Don’t get me started on neckties and bowties and the other cultural accoutrement that have evolved from practical usage (keeping the collar fastened around the neck before the advent of the button) into impractical torture device (keeping all of one’s blood in the head and thus causing physcotic I-May-Be-Having-an-Aneurysm episodes).  If you squint at my tiny illustrated photograph, above and to the left, you will notice a tie.  You will also notice that the smile on my face looks a lot like the death mask of a man who would rather die than wear that thing.  For some terrific reason, though, the tie is back.

Necktie sales may have foundered in the decade or more since the words “casual Friday” entered men’s vocabularies, but in the last year or two, stylish men in their 20s and early 30s have embraced the old four-in-hand as a style statement – that is, as long as it is an optional one.

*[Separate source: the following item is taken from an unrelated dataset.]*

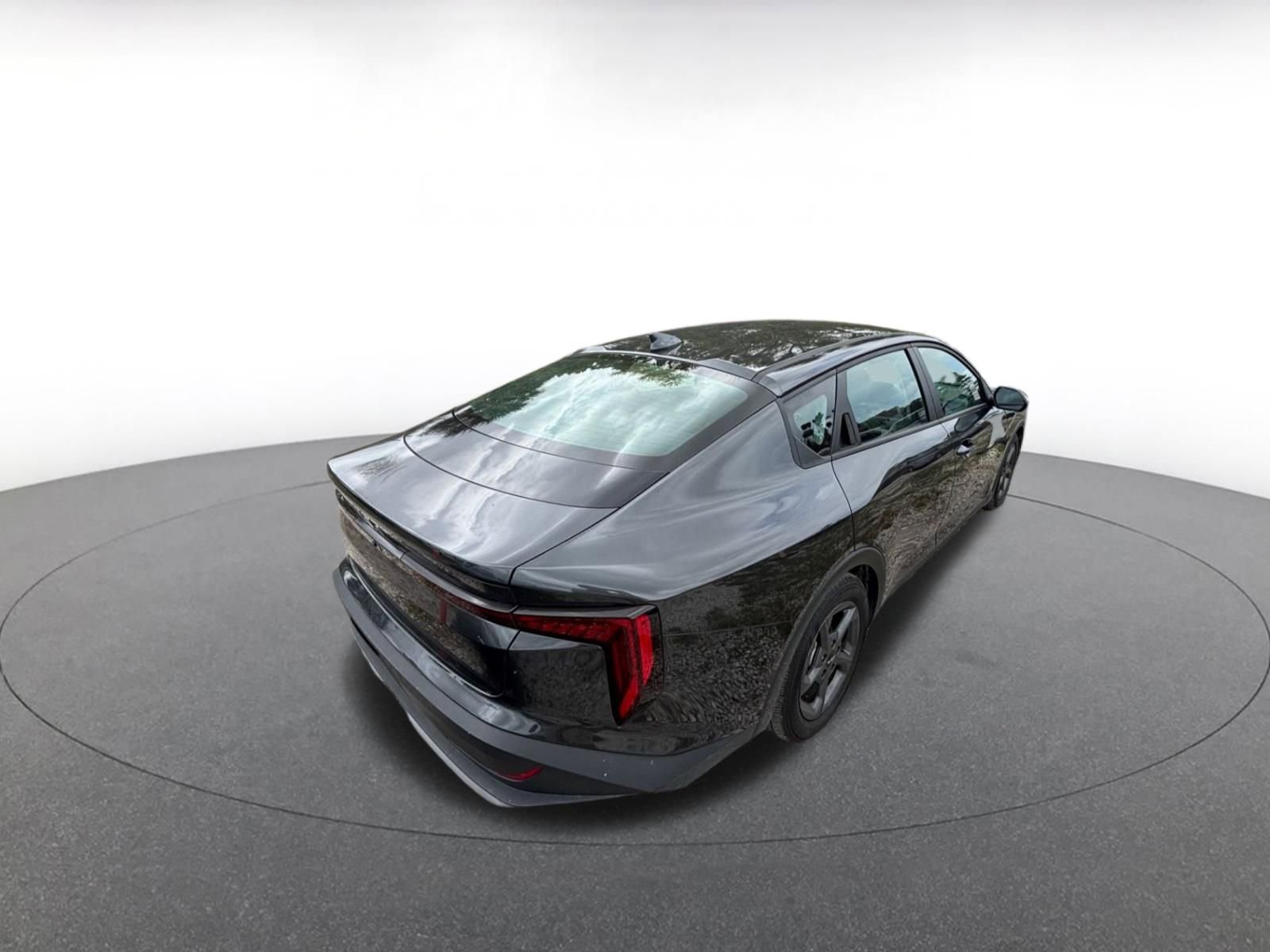 Used 2025 Kia K4 LXS image 8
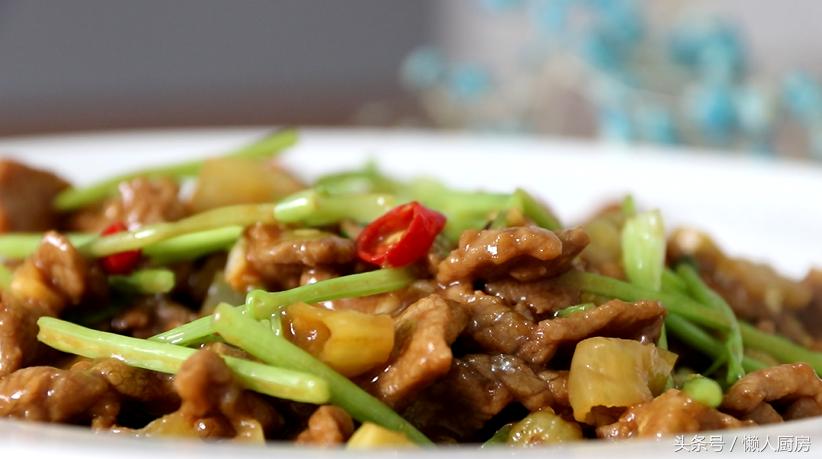 怎么样炒牛肉小炒肉,炒牛肉家常做法小炒肉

Even with tie sales among older age groups uniformly down, sales to men 18 to 34 were up more than 13 percent, to $343 million from $303 million, between March 2006 and March 2007, according to NPD Group, which tracks clothing sales and trends.

The issue of the tie, and of fashion in general, is too complex and murky for one post to treat.  Bill Blass, one prince of men’s fashion, has said that he loves the tie, but that the tie will eventually have to go.  It’s too impractical, too uncomfortable in most situations, etc.  If it’s going to die, can’t we just kill it now?